Since he was home early, we went to dinner. We went through three different ideas, and ended up at Hibachi Grill because it was a buffet and we could eat immediately, because James wanted to stop first at Hobby Lobby to get some small gifts for a few co-workers. HL is nearly stripped clean of Christmas items, especially all the cool craft items they had this year (I got my red-and-green butcher's twine there). Alas, the spring items are going in already. "The moving finger writes, and having writ, moves on..."
Then we went to Kroger and finished the shopping so we didn't have to do it this morning. Later I chatted with Emma and Mike. Looks like everything's been delivered.
So this morning we had a leisurely breakfast, Tucker had a nice walk, and Snowy sang along to the television. About noon we went out to buy one last gift. Ended up at Penzey's Spices. They have crates as display shelves, and always a jar with that particular spice in it for you to sniff. It's like a world cruise via sense of smell: French herbs, Italian herbs, Turkish herbs, Vietnamese spices, Chinese spices, Indonesian spices, Mexican herbs. In the very back they have all the different types of cinnamon. The Vietnamese is very potent; it can clean your sinuses out! I don't know how on earth people can eat a spoonful of cinnamon!
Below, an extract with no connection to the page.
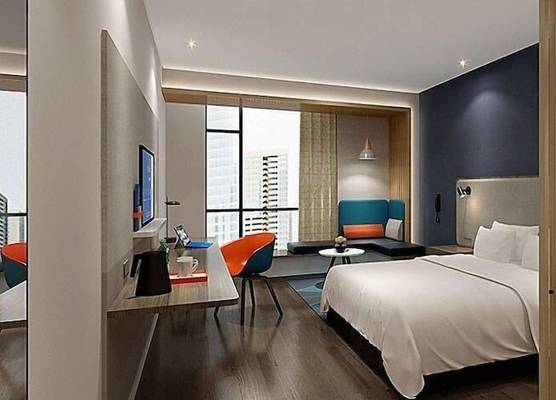 Holiday Inn Express Yixing by IHG 1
Then a stop a few storefronts down at Trader Joe's for more chicken/apple sausage, items to take with us for Christmas dinner, and other little things.
Now, we both still had the coupons from Barnes & Noble we received in the mail a few weeks ago. I could go to the store after the new books come out on Tuesday, but this was basically James' last chance to pick up anything he wanted. So we approached the Perimeter Mall area with some trepidation, but since we used the back route, through Lake Hearn Drive, we ran into no traffic at all. The parking lot was crowded, since B&N shares the shopping center with the Container Store, Bassett Furniture, and Restoration Hardware, but the handicapped parking space was free.
The store was quite busy. Alan Siler was working today and I got a nice hug before we started threading through the aisles. Seeing that I'd just been to Barnes & Noble yesterday, you would have thought I couldn't find anything, but I did: a new history book about London called Shakespeare's Pub and the Norman Rockwell book American Mirror. I also bought a cross-stitch magazine with an adorable set of fox patterns, the winter edition of "This England," and a retro magazine I'd never heard of before, "Remind." It's on cheap paper, but reprints vintage ads and comic strips and little bits of trivia, plus has retro quizzes and puzzles. Figured I couldn't lose picking up the Christmas edition.
We came home by Kroger. James dropped me off and I went in to get some hot chicken soup for supper, along with some Italian bread and Kerrygold butter, and a newspaper. Finished wrapping the final three gifts! The marathon wrap session is finally over! Spent the rest of the evening eating supper and reading the paper, watching a few Christmas specials (The Bestest Present, A Christmas Angel, and It's a Wonderful Tiny Toons Christmas) before watching the Christmas episode of Alaska: the Last Frontier. They did a secret Santa and each person drew one name; all the gifts had to be homemade. Eve made Bonnie (Atz's wife) some rosehip mead, Charlotte fixed up an old sled for Atz, Atz and Bonnie made a teepee for Shane and his wife to live in while they are building a house (complete with stove), and so forth. It was a real kick to see what kind of surprises they cooked up for each other!